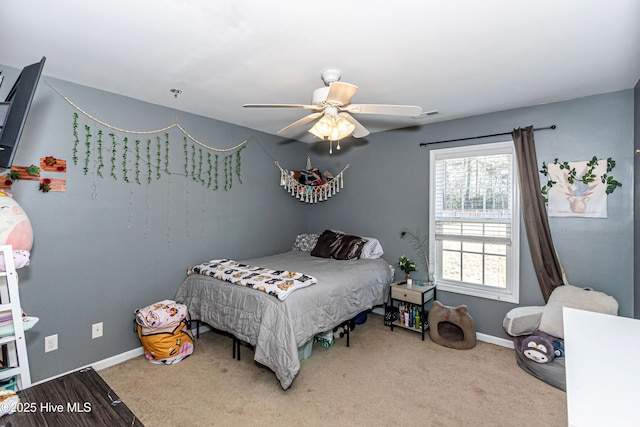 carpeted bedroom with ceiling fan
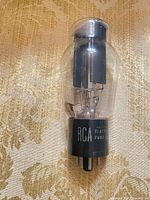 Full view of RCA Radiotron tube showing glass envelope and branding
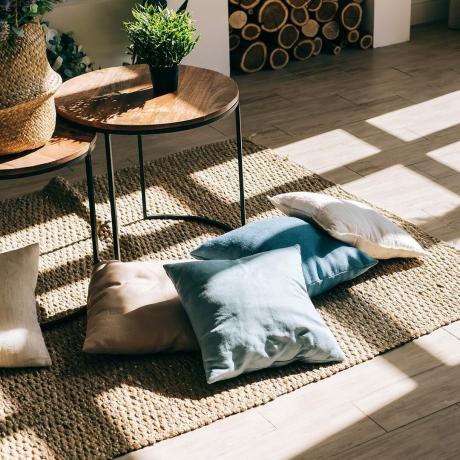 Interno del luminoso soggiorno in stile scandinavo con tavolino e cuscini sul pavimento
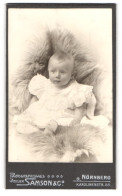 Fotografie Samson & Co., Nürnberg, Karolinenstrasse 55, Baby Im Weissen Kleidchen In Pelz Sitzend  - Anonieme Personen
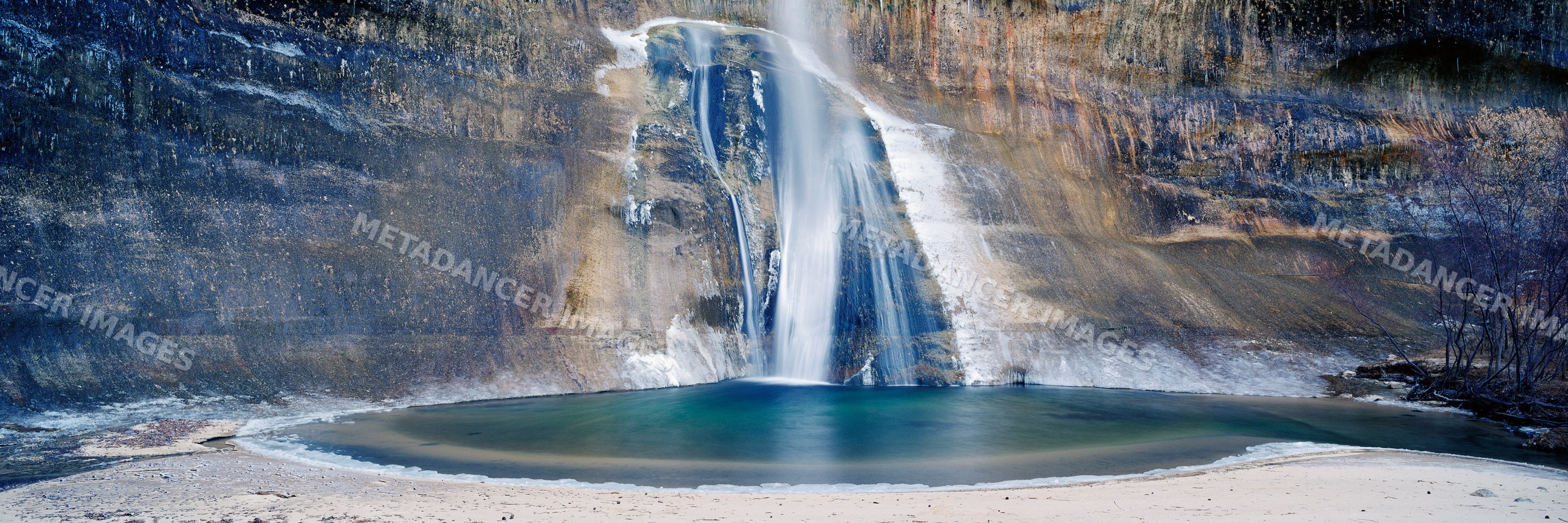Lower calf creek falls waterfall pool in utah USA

____

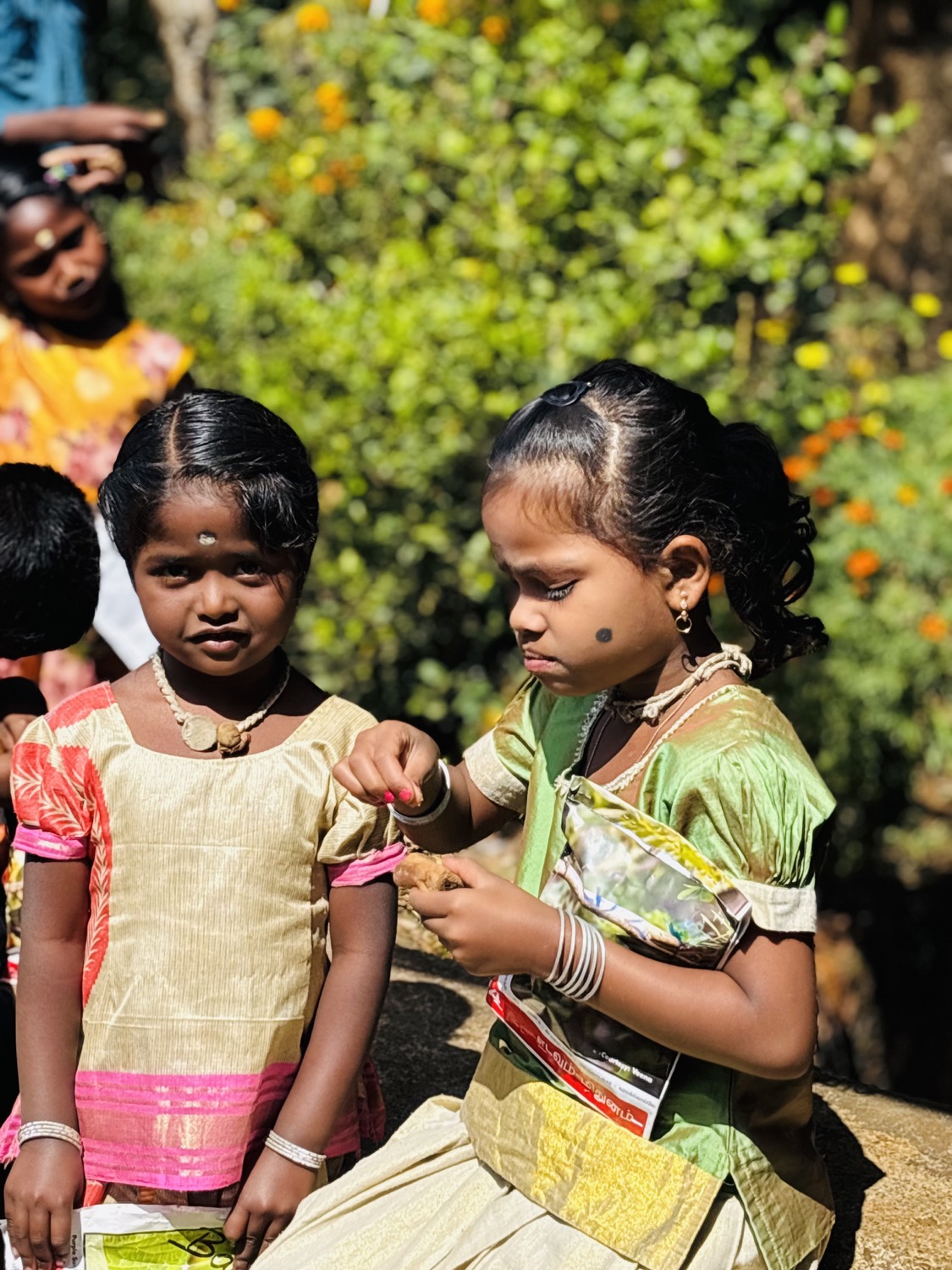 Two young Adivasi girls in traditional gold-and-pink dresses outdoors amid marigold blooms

____

_Directions for this task_
From the records above, transcribe only the stretch from the line with "Full view of" through the line with "Interno del luminoso", keeping both ends. Omit pictures.

_Result_
 Full view of RCA Radiotron tube showing glass envelope and branding
 Interno del luminoso soggiorno in stile scandinavo con tavolino e cuscini sul pavimento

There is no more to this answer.